In this issue of Performance Paradigm, then, we seek to capitalise on this moment to reflect on the art of subsidy, and on the subsidy of art. We invite contributions that expand the frame of reference beyond the Anglosphere to other national models of live performance subsidy. Across academic pieces, artist responses, interviews, and other performance documentation, we envisage potential contributions might address:

  • Historiographies of subsidy across performance forms and national traditions, particularly attending to subsidy in its historical context and between government-led and patronage-led models;
  • The resistant potential of private subsidy in forms old (sponsorship, patronage) and new (crowd funding);
  • Historical accounts of particular funding agencies or subsidy schemes that trace and reveal the impact of the subsidy in the art that they funded;
  • Subsidy of First Nations and Indigenous performance around the world as a policy priority, and the (inter)national priorities these programs reveal;
  • The role of subsidised performance in legitimising the neoliberal state, including queer strategies for subversion and re-visioning of subsidy;
  • Subsidy as a marker of national distinction and cultural capital;
  • The role of subsidy in the lived experience of arts practitioners, including artists’ wellbeing and proposals such as the living wage for artists;
  • Polemical re-imaginings of subsidy’s form and function;
  • Subsidy’s hermeneutic relationship with arts policy across time and different models of arms-length and in-house government funding;
  • Subsidy across and beyond the Anglosphere, including comparative studies across different national and continental traditions; and
  • The dramaturgy of subsidy.
Please send proposals of approximately 300 words to Chris Hay (chris.hay@uq.edu.au) by 3 June 2022. If successful, full articles will be due on 1 December 2022 for publication in Performance Paradigm 18, August 2023.

Issue Editors
Chris Hay, University of Queensland
Lawrence Ashford, University of Sydney
Izabella Nantsou, University of Sydney

References
Harris, Jeremy O. “American theatre may not survive the coronavirus.

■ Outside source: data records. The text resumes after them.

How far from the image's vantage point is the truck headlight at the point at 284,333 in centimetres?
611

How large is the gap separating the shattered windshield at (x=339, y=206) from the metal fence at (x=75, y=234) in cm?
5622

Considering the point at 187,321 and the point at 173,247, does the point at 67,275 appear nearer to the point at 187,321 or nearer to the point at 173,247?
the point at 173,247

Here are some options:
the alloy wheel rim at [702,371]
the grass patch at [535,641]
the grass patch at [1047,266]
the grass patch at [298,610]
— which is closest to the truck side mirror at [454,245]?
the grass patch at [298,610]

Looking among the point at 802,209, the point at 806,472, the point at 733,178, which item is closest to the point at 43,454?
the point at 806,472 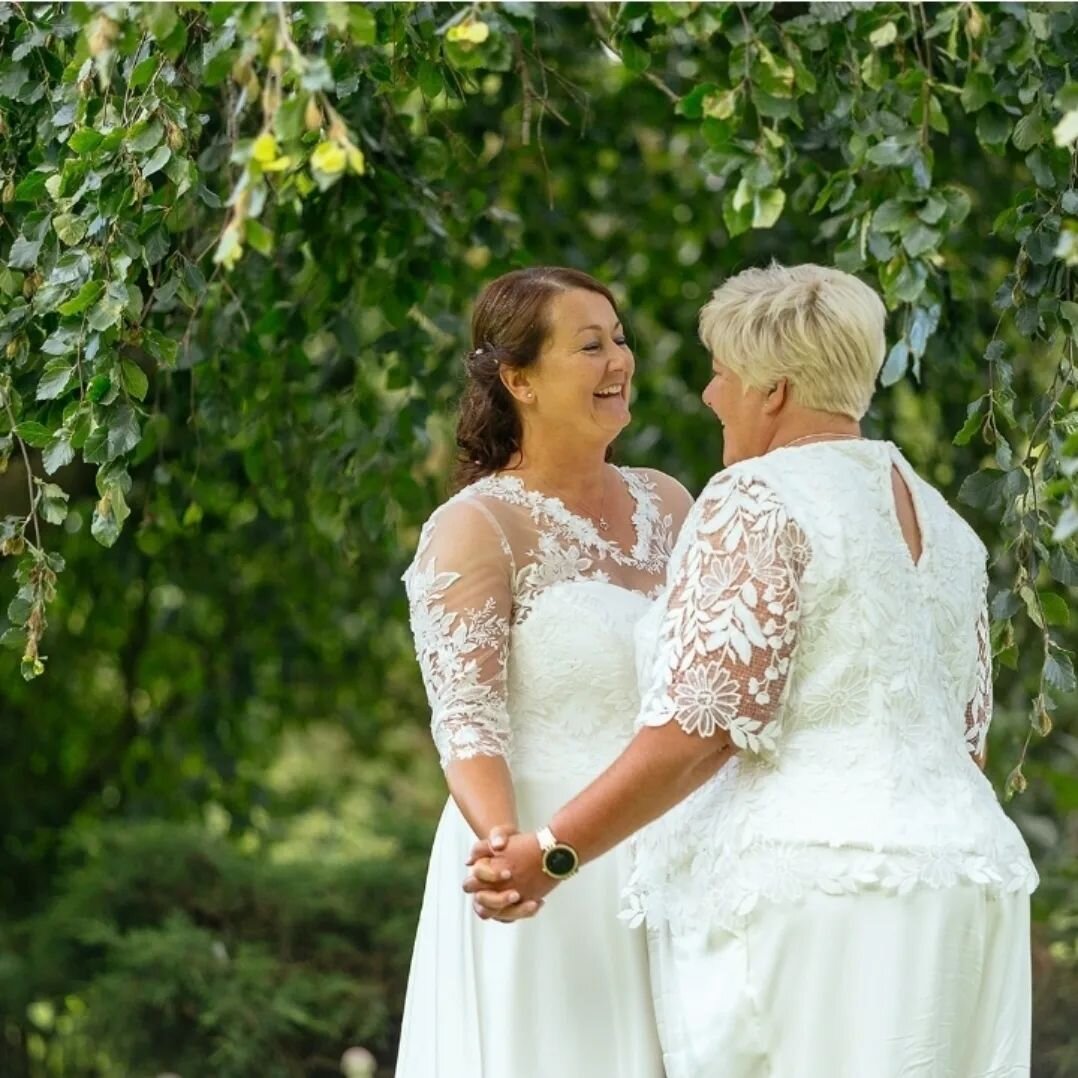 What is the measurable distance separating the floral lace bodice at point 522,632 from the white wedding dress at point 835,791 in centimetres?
39

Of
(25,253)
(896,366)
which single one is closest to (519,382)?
(896,366)

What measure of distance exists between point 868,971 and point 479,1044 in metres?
0.75

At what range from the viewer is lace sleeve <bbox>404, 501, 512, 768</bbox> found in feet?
10.1

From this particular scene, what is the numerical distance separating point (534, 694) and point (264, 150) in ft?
3.90

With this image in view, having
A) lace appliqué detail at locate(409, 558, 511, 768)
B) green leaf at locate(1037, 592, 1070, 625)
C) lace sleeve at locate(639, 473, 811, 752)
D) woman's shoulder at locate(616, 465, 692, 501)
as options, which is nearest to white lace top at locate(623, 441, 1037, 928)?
lace sleeve at locate(639, 473, 811, 752)

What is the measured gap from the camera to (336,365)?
507 centimetres

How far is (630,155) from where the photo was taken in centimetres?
653

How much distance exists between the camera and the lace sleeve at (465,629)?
308cm

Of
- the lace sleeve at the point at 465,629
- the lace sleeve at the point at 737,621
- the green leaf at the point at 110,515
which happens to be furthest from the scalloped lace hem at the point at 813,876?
the green leaf at the point at 110,515

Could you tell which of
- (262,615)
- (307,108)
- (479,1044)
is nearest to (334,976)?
(262,615)

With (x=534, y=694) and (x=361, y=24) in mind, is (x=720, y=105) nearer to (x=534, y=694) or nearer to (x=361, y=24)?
(x=361, y=24)

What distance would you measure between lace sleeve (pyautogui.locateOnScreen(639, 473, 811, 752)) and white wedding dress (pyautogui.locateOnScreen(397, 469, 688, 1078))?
46 cm

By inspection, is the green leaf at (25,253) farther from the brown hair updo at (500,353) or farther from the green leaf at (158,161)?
the brown hair updo at (500,353)

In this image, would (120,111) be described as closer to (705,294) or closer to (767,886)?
(767,886) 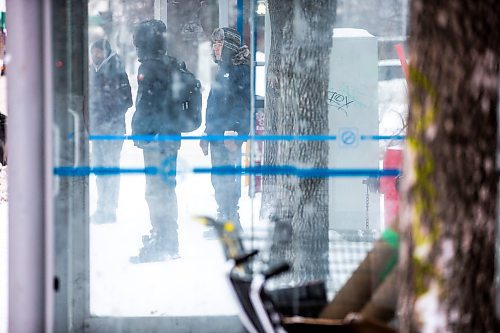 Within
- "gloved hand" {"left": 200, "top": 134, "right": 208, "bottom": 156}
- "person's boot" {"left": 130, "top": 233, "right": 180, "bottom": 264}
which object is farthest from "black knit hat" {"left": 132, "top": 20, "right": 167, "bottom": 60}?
"person's boot" {"left": 130, "top": 233, "right": 180, "bottom": 264}

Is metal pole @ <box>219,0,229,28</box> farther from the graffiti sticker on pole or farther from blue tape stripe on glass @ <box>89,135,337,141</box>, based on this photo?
the graffiti sticker on pole

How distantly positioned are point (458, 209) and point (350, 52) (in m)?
2.42

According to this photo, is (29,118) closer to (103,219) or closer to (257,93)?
(103,219)

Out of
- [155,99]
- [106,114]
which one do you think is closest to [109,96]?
[106,114]

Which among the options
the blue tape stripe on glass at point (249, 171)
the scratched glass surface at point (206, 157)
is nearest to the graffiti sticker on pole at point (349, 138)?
the scratched glass surface at point (206, 157)

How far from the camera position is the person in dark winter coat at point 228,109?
5.09m

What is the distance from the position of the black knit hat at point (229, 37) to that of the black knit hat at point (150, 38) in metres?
0.31

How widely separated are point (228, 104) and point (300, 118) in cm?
45

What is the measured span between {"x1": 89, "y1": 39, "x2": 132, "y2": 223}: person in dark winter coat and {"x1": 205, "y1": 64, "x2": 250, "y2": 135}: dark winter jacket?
51 cm

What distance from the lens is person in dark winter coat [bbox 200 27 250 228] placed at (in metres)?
5.09

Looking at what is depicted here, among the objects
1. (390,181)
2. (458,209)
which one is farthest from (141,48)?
(458,209)

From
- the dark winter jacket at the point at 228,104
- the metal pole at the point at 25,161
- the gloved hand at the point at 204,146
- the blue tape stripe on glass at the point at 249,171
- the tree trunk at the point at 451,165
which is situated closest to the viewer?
the tree trunk at the point at 451,165

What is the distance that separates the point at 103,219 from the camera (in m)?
5.02

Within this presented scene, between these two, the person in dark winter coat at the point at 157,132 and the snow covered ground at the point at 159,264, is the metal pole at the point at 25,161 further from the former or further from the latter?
the person in dark winter coat at the point at 157,132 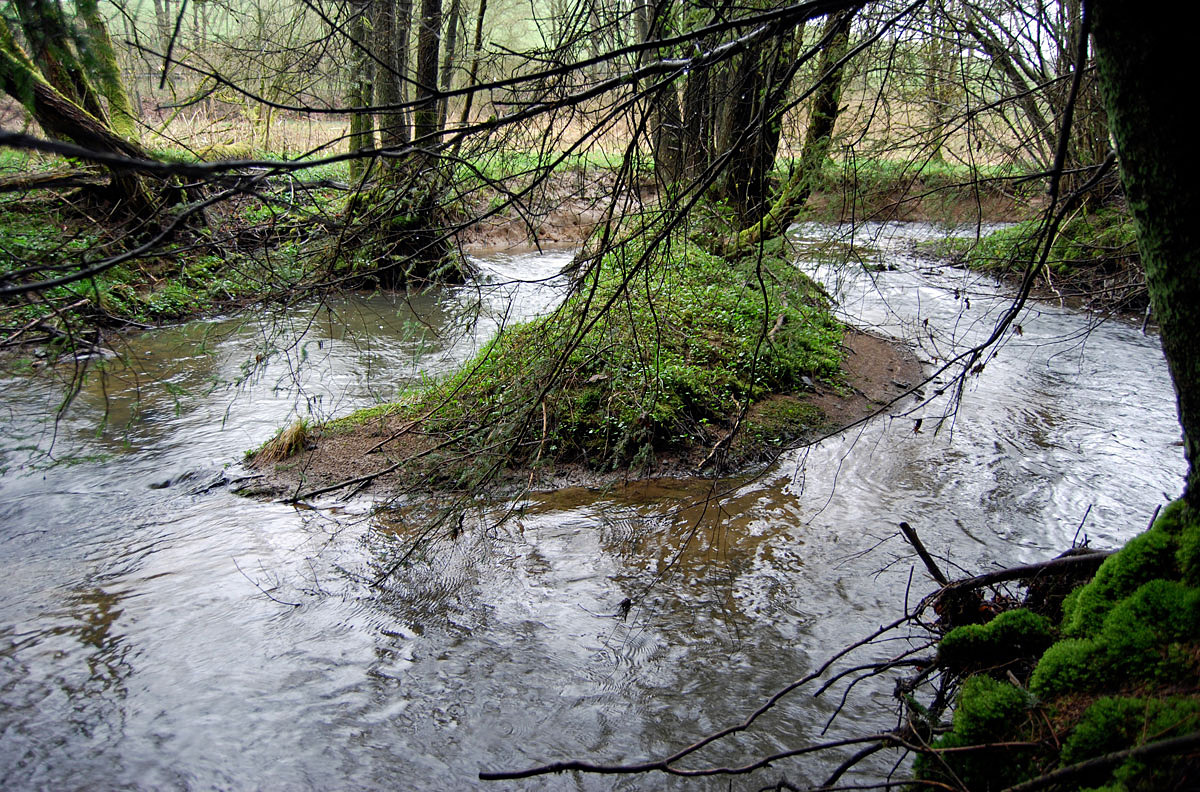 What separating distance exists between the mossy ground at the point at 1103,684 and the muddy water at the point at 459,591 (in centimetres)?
106

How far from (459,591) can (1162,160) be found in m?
4.26

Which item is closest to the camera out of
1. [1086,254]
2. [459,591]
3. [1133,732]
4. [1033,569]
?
[1133,732]

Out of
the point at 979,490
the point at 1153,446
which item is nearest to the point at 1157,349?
the point at 1153,446

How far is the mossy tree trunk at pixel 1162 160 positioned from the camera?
6.23ft

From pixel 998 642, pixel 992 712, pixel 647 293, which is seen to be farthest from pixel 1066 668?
pixel 647 293

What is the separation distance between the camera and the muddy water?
144 inches

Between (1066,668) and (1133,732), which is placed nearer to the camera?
(1133,732)

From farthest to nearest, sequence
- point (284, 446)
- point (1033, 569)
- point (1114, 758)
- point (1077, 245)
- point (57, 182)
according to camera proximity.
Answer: point (284, 446) → point (1077, 245) → point (1033, 569) → point (57, 182) → point (1114, 758)

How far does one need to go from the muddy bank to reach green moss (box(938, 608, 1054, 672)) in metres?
2.91

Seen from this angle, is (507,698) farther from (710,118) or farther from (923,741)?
(710,118)

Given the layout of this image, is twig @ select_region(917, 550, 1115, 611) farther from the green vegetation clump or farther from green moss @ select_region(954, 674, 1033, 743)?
the green vegetation clump

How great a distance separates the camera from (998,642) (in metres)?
2.62

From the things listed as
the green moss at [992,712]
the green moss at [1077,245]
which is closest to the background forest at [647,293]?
the green moss at [992,712]

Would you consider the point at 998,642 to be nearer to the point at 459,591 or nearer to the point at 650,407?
the point at 459,591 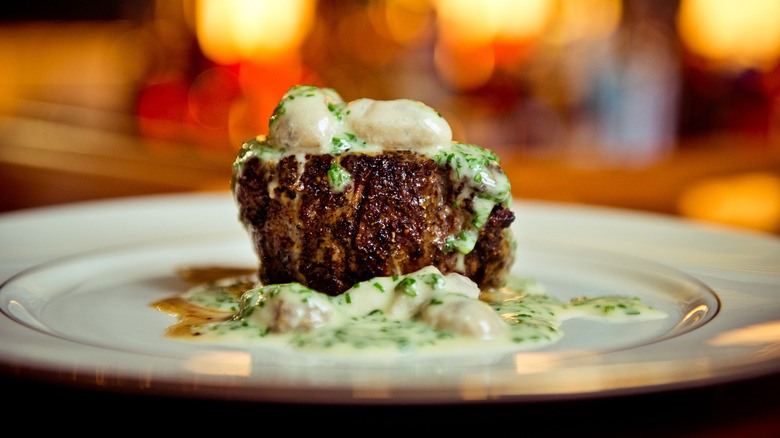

We need help now.” The Guardian, 25 Jan. 2021.
Harvie, Jen. “Public/Private Capital: Arts Funding Cuts and Mixed Economies.” Fair Play: Art, Performance and Neoliberalism. Palgrave Macmillan, 2013, pp. 150-91.
Haughton, Miriam. “As much graft as there is craft: Refusal, Value and the Affective Economy of the Irish Arts Sector.” Performance Paradigm 16, 2021, pp. 40-58.
Madhan, Nisha. “Live (Why I’m Not in a Hurry).” Words By Nisha Madhan, 1 Apr. 2020.
Meyrick, Julian. “The Logic of Culture: The Fate of Alternative Theatre in the Post-Whitlam Period.” Australasian Drama Studies, vol. 64, 2014, pp. 133-54.
UNESCO. Re-shaping Policies for Creativity: Addressing Culture as a Public Good. Third Edition, United Nations Educational, Scientific and Cultural Organisation (UNESCO), 2022.